▶ PROBLEM REQUIREMENTS: If a line includes "Long", copy it out of the entries.

(RECORD SET Opens)

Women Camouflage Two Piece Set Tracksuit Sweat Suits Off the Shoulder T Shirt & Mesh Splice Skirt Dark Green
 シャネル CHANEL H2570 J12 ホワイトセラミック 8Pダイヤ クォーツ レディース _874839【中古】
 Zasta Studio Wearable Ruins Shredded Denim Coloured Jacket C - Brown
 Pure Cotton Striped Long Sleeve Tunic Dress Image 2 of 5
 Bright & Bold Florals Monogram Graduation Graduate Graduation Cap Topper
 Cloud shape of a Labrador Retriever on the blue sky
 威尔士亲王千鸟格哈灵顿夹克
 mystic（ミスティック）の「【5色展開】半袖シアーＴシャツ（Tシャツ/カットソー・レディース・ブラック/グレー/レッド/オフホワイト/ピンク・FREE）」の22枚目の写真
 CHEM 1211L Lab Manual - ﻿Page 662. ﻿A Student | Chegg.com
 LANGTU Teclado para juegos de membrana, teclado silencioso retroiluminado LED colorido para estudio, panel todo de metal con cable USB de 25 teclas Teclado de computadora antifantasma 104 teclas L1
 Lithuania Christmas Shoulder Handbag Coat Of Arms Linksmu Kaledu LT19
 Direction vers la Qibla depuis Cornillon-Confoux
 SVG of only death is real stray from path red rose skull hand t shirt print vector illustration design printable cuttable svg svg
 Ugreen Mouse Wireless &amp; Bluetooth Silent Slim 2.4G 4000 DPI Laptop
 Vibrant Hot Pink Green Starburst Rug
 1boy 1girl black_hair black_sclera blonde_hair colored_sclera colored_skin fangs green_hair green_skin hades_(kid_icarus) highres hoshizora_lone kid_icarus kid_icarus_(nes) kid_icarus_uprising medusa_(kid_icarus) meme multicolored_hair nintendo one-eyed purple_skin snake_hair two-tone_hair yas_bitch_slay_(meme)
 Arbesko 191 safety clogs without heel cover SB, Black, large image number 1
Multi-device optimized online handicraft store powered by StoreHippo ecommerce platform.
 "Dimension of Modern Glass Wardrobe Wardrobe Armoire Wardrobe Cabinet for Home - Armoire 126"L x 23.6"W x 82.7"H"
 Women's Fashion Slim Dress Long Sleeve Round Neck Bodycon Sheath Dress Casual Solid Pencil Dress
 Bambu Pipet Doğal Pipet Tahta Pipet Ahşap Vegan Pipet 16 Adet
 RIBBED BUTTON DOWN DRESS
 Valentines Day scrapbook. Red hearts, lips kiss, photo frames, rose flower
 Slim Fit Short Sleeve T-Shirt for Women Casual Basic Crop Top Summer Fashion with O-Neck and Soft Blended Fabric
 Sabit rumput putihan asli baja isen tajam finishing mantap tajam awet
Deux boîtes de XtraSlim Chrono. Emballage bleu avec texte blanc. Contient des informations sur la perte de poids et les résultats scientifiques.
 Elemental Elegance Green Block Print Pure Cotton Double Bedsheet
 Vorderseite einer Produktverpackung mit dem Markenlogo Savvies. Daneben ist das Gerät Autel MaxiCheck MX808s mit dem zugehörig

(RECORD SET Closes)

▶ SOLUTION:
 Pure Cotton Striped Long Sleeve Tunic Dress Image 2 of 5
 Women's Fashion Slim Dress Long Sleeve Round Neck Bodycon Sheath Dress Casual Solid Pencil Dress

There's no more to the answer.